The goal is to bag 30 countries on 80m this winter season, and maybe work a few on 160m as well. (I have 30/31 confirmed there). Wish me luck.
Friday, August 2, 2013
|K3 - Right in the operating position|
Although I operated packet radio back in the 1980s, I never got a make a RTTY contact until 2005 - using my Elecraft K2. I built an audio interface using a couple of audio transformers and some resistors.
In many ways, the K2 is a great radio. Gary Breed K9AY told me that the K2 was, "a simple radio, superbly executed." While I do enjoy the K2, it is not at it's best running RTTY or any other digital mode. It suffers several limitations:
- Duty Cycle - The K2 is designed for a 50% or less duty cycle - CW or SSB. Without supplemental cooling, you can't run the K2/100 much more than about 25-30 watts. I added a small fan on top of my K2, and could safely run 50-75 watts of RTTY without overheating. The K3, of course, is a 100% duty cycle rig - no problem running 100 watts for hours. The case doesn't even get warm.
- Tuning Rate - Because of it's design, the K2 tunes in roughly 9 Hz steps. While the display shows the nearest 10 Hz at all times, the firmware selects the closest tuning point. As you turn the dial, it's not entirely smooth, sometimes jumping twice as far. With the finicky tuning of RTTY signals, you'll notice this.

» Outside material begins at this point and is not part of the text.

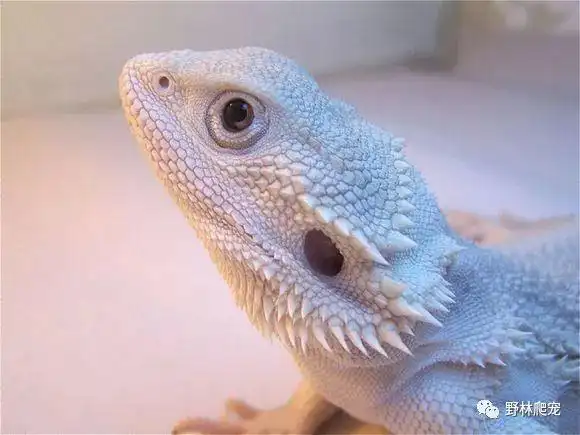 最好饲养想爬行宠物蜥蜴之鬃狮蜥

- Frequency Readout - I put this one in my K2 Wish List. The K2 frequency doesn't account for the mark frequency, and thus reads 1-2 kHz high, depending on what audio tones you are using. While some contest software can compensate for this, the K3 works correctly by showing the mark frequency on the display.
- Variable Transmitter Gain per Band - this is the most annoying thing about using the K2 on RTTY. Because of the way the K2 transmitter gain control system works, you have to adjust your audio levels on each band -- very high levels on the higher frequencies, and extremely low levels on the lower bands. Every time you change bands, you must adjust the transmit audio level. Every time. The K3, on the other hand, calibrates itself so that it has the same gain on every band.

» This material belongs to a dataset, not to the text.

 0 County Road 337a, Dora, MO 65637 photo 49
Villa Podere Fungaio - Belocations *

But the best part isn't that the K3 can run flat out 100 watts, tune smoothly, display the right frequency, or make it so you don't have to mess with the transmit audio level in the middle of the contest. These other features of the K3 really enhance RTTY operation:
- Variable-Bandwidth IF - My K2 is programmed with a variety of bandwidths for RTTY: 1000 Hz, 500 Hz, and 300 Hz. But this isn't nearly as convenient as being able to select any bandwidth from 100-4000 Hz. On a quiet band, a bandwidth from 600-800 Hz works well. When the QRM gets tough, pulling down to 300 Hz puts it in its place. The K3 allows you to pick exactly the right bandwidth for the situation.

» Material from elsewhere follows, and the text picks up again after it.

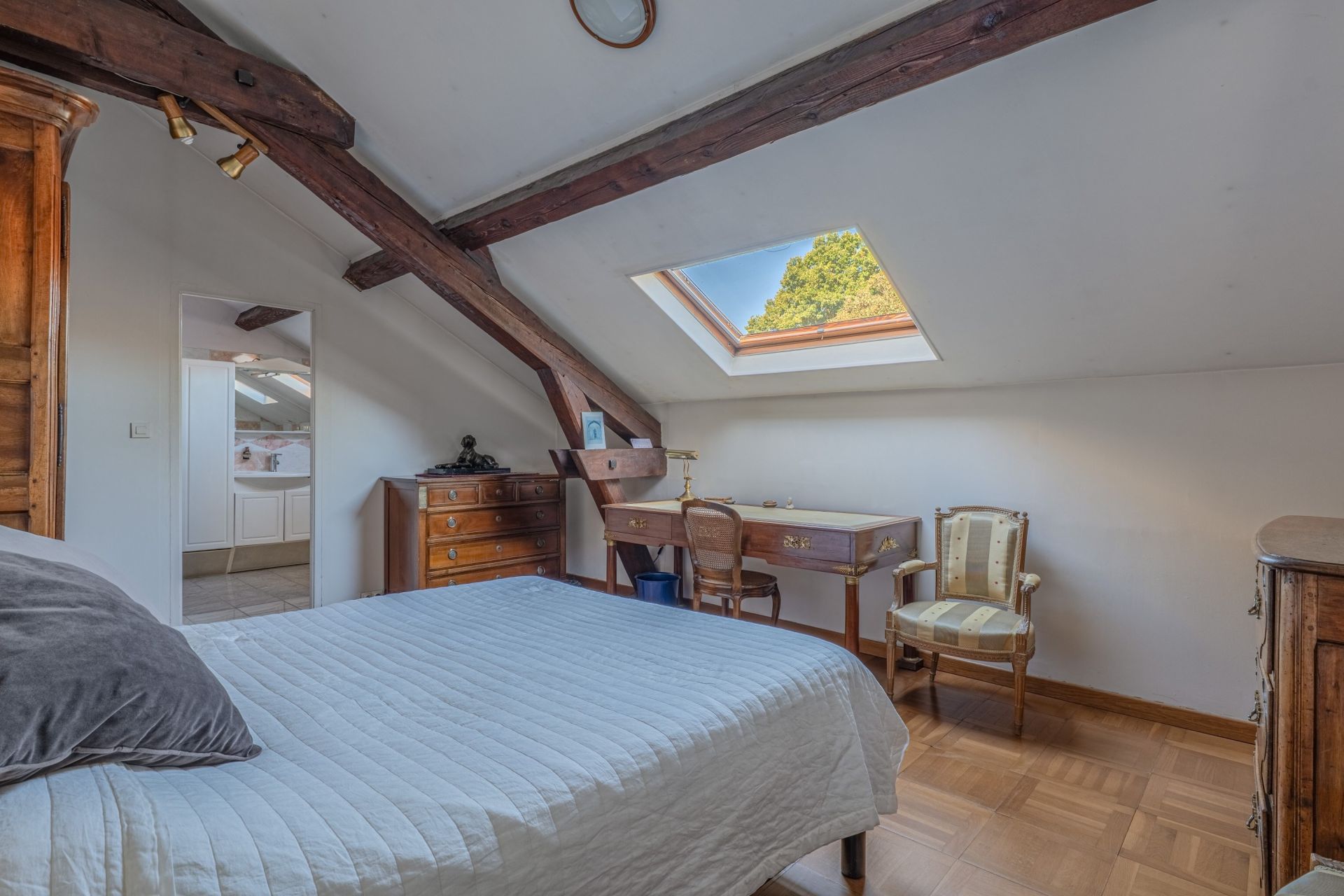 hôtel particulier 9 Pièces en vente sur CALUIRE ET CUIRE (69300)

- Dual Passband - RTTY contests can get downright ugly. Sometimes strong stations are interlaced on top of one another, so the mark or space frequency of one station is right between the tones of another station. This situation does no good for anyone, as it makes it nearly impossible to copy either station. I'm convinced that this is largely due to the over-use of dual passband filtering. This type of filter puts a huge notch between the mark and space tones. It's not useful for S & P work, because if you are slightly off frequency, you won't hear stations. And, it's not terribly useful for calling CQ, either, since someone can easily move in between your tones and you won't hear them. However, every once in a while, this filter makes the difference between completing a QSO and losing one to the QRM. Just don't use it all the time, OK?
- Fine Tuning - While the K3 tunes in perfect 10 Hz steps, you can select fine tuning mode with 1 Hz steps. I used this all the time as default for CW and RTTY and move it. It makes tuning across the band take longer, but it's easy enough to switch to 10 Hz steps when you need to.